- [What to work on]: For the entries that follow, set down each one exactly and drop any pictures.
[[ Input for this task, beginning ]]
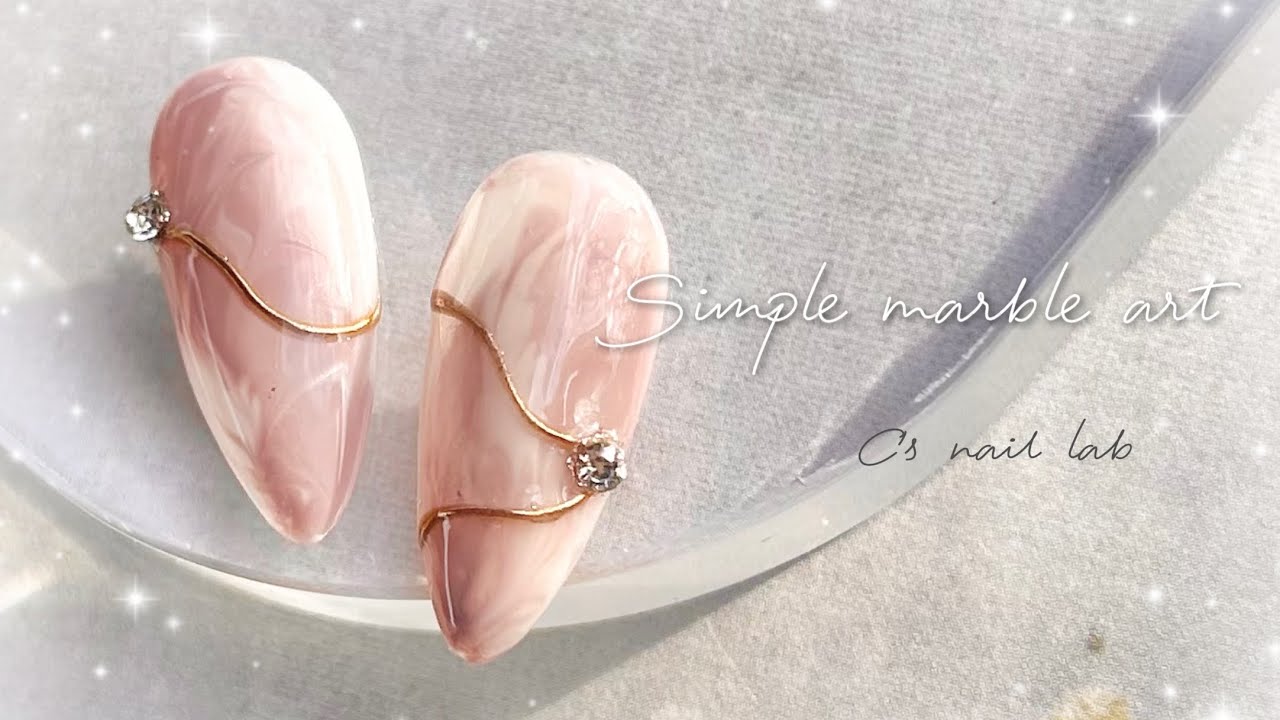 Simple Marble Art / nail art tutorial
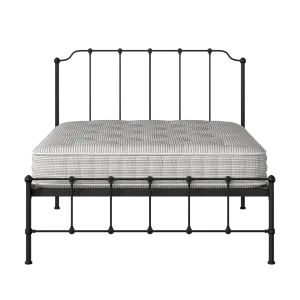 Julia iron/metal bed in black with Juno mattress - Thumbnail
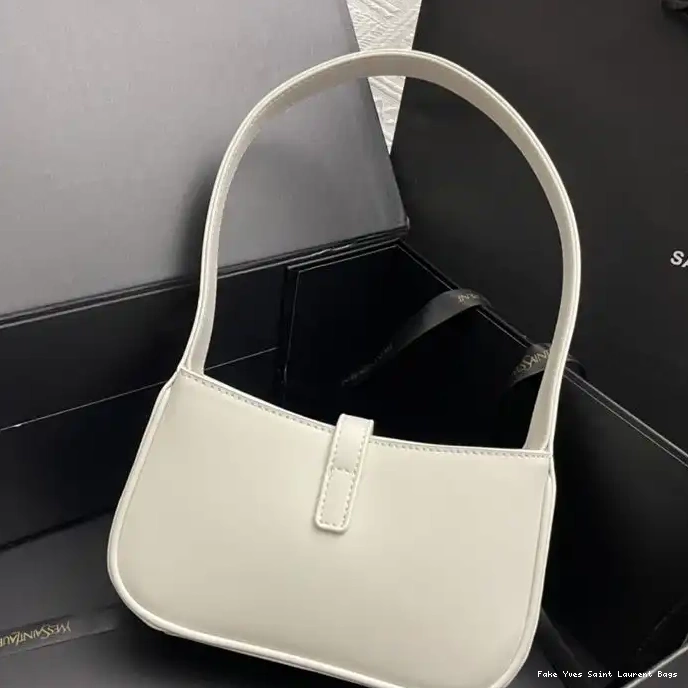 CHEAP Leather Saint Smooth 7 Le Mini Bag White In A Hobo Laurent 5 Gold 0212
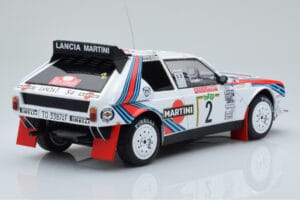 Lancia Delta S4 #2 M. Alen / I. Kivimaki Rally San Remo 1986 IXO 1:18 18RMC130A Metal - imaginea 2 din 6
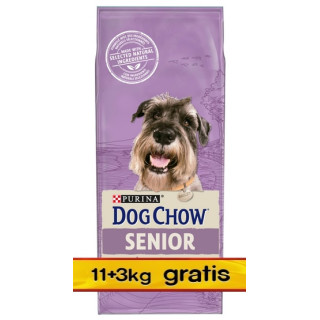 Purina Dog Chow Senior Jagnięcina 14kg (11+3kg gratis)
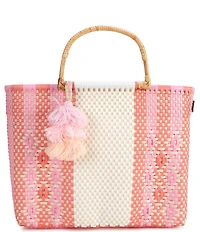 Squeeze De Citron Bamboo Handle Sunrise Peach Tote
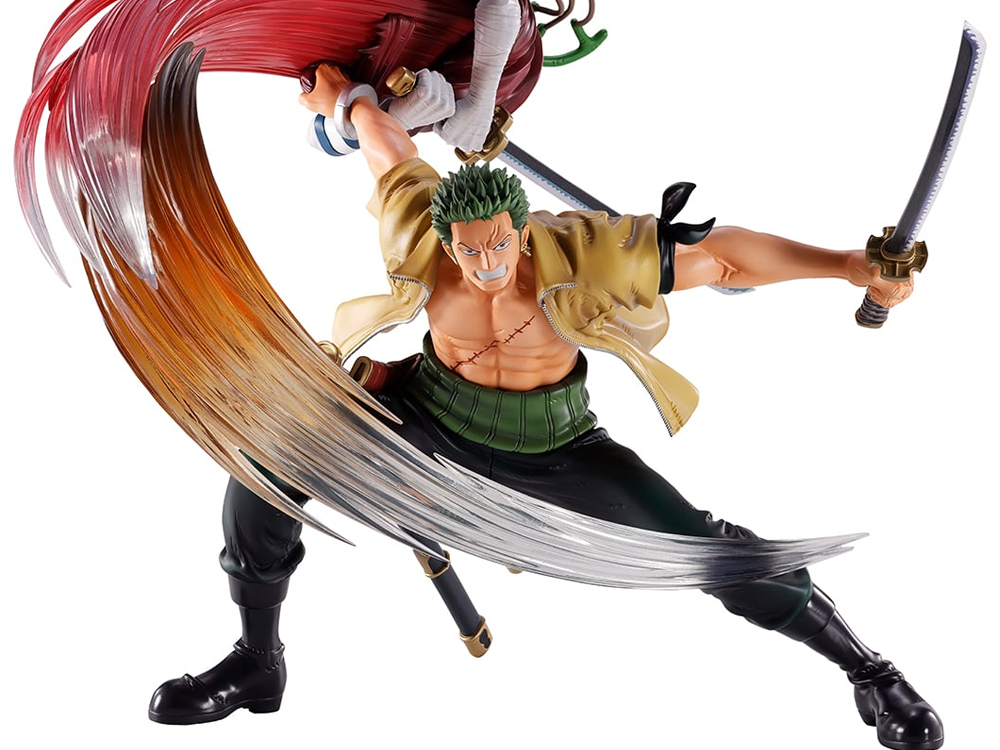 One Piece Revible Moment Ichibansho Roronoa Zoro & Usopp (Impact Log) Figure Gallery Image 1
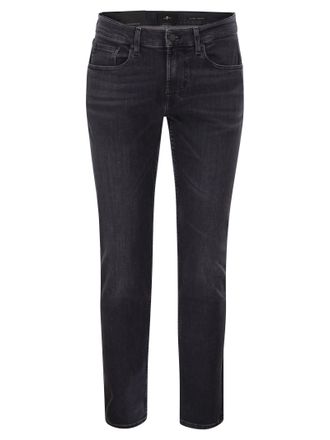7 For All Mankind Vaqueros tapered ajustados en denim lavado oscuro de 7 For All Mankind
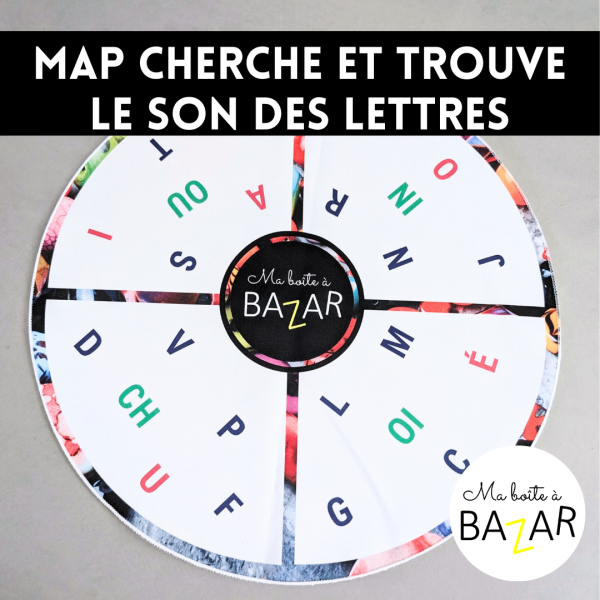 Map Cherche & Trouve le Son des Lettres  en majuscules– Phonologie et apprentissage ludique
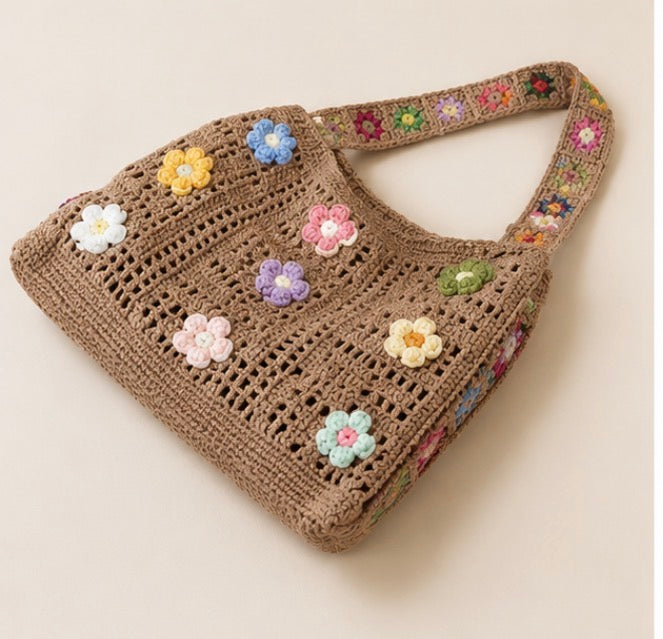 Jakes Flower Crochet Bag
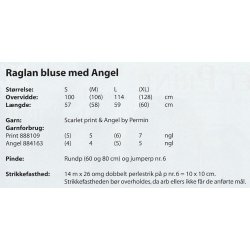 Raglan bluse med Angel
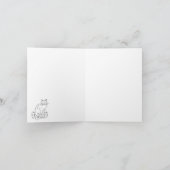 Hello House Blank Dankeskarte (Innenseite)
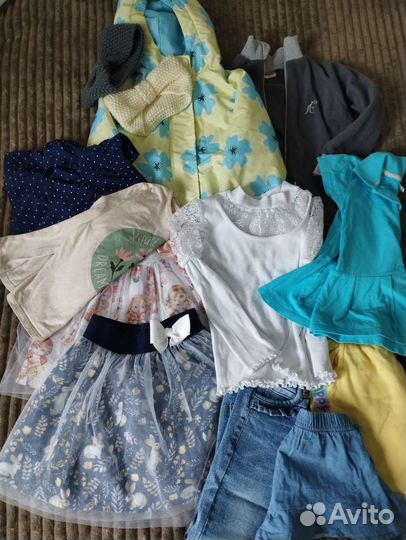 Пакет вещей для девочки 98-104 р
[[ Input for this task, end ]]
- [Result of this exercise]:
 Simple Marble Art / nail art tutorial
 Julia iron/metal bed in black with Juno mattress - Thumbnail
 CHEAP Leather Saint Smooth 7 Le Mini Bag White In A Hobo Laurent 5 Gold 0212
 Lancia Delta S4 #2 M. Alen / I. Kivimaki Rally San Remo 1986 IXO 1:18 18RMC130A Metal - imaginea 2 din 6
 Purina Dog Chow Senior Jagnięcina 14kg (11+3kg gratis)
 Squeeze De Citron Bamboo Handle Sunrise Peach Tote
 One Piece Revible Moment Ichibansho Roronoa Zoro & Usopp (Impact Log) Figure Gallery Image 1
7 For All Mankind Vaqueros tapered ajustados en denim lavado oscuro de 7 For All Mankind
 Map Cherche & Trouve le Son des Lettres  en majuscules– Phonologie et apprentissage ludique
 Jakes Flower Crochet Bag
 Raglan bluse med Angel
 Hello House Blank Dankeskarte (Innenseite)
 Пакет вещей для девочки 98-104 р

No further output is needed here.